The proposition before this august body, that Christian values do not support American values, would have utterly mystified the greatest generation of political leaders in the history of Western democracy.

Consider this statement from James Madison:

We have staked the whole future of American civilization, not upon the power of government…. We have staked the future upon the capacity of each and all of us to govern ourselves, to sustain ourselves, according to the Ten Commandments of God.
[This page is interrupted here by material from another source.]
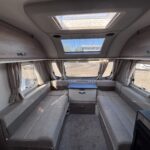 2023swiftcruachcuillin-4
And this, from Thomas Jefferson:

No nation has ever yet existed or been governed without religion. Nor can be. The Christian religion is the best religion that has ever been given to man, and I as chief Magistrate of this nation am bound to give it the sanction of my example.

Benjamin Rush observed:

I have always considered Christianity as the strong ground of republicanism.

And John Jay declared:

No human society has ever been able to maintain both order and freedom, both cohesiveness and liberty apart from the moral precepts of the Christian religion…. Should our Republic ever forget this fundamental precept of governance…this great experiment will then surely be doomed.

We have many doubters among us today who deny this “fundamental precept of governance”— at great risk to their own nation’s experiment in freedom.

Uncoerced Conscience

Let me now draw our attention to a Christian concept that lies at the intersection of biblical reli­gion and the American democratic tradition: It is the necessity of authentic faith—the idea that gen­uine religious belief must be freely chosen, unha­rassed by human authorities, whether religious or secular. Authentic faith is a religious and a political necessity. It is a religious necessity because the Christian tradition views conscience as the realm of belief formed through reason and conviction, not through force or violence. Through persuasion, not coercion.
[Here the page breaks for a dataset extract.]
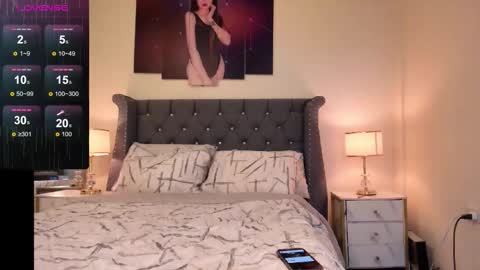 lyn online show from March 16, 2026, 10:30 am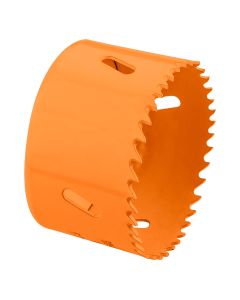 Otwornica bi-metalowa 70 mm 57-911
The great Protestant Reformer, Martin Luther, refused to recant his teachings about divine grace because, as he put it, “My conscience is captive to the Word of God. To go against conscience is nei­ther right nor safe.” That rugged English Quaker, William Penn, founded a “holy experiment” in reli­gious liberty in Pennsylvania, a model that would inspire America’s Founding generation. His Puritan counterpart in New England, Roger Williams, fought to establish a government that would respect Jews, Muslims, and Catholics alike. His argument was simple: “Forced worship stinks in God’s nostrils.”

And so it was that James Madison, architect of the American Constitution, came to regard freedom of conscience as a sacred right and a binding polit­ical obligation. It was Madison, a pupil under the evangelical minister John Witherspoon at Prince­ton, who enshrined the guarantee of religious liber­ty in our political imagination. “If this freedom be abused,” he warned, “it is an offense against God, not against man.”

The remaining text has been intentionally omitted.